What this task involves. Copy out the whole listing exactly as written, leaving the pictures behind.

Given information.
************
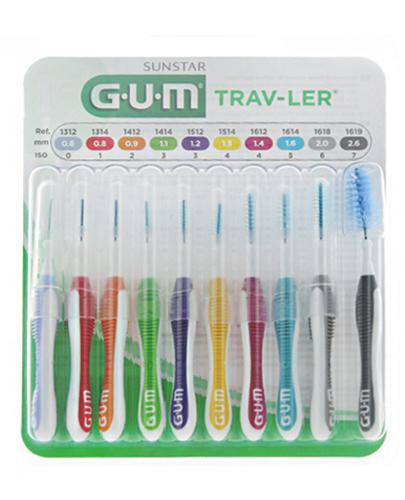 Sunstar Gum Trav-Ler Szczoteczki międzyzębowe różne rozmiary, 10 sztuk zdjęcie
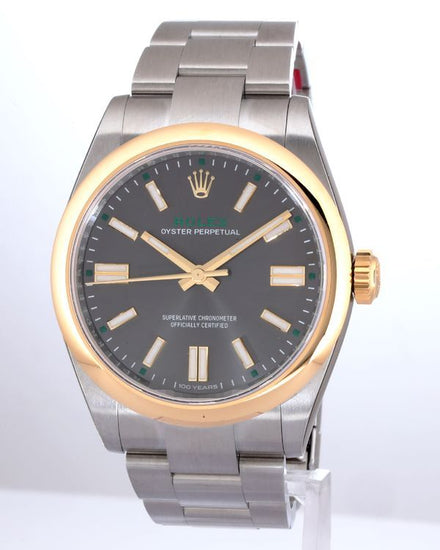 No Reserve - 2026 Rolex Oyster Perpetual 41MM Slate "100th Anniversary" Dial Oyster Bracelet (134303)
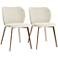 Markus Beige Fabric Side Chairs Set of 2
************
Written answer.
 Sunstar Gum Trav-Ler Szczoteczki międzyzębowe różne rozmiary, 10 sztuk zdjęcie
 No Reserve - 2026 Rolex Oyster Perpetual 41MM Slate "100th Anniversary" Dial Oyster Bracelet (134303)
 Markus Beige Fabric Side Chairs Set of 2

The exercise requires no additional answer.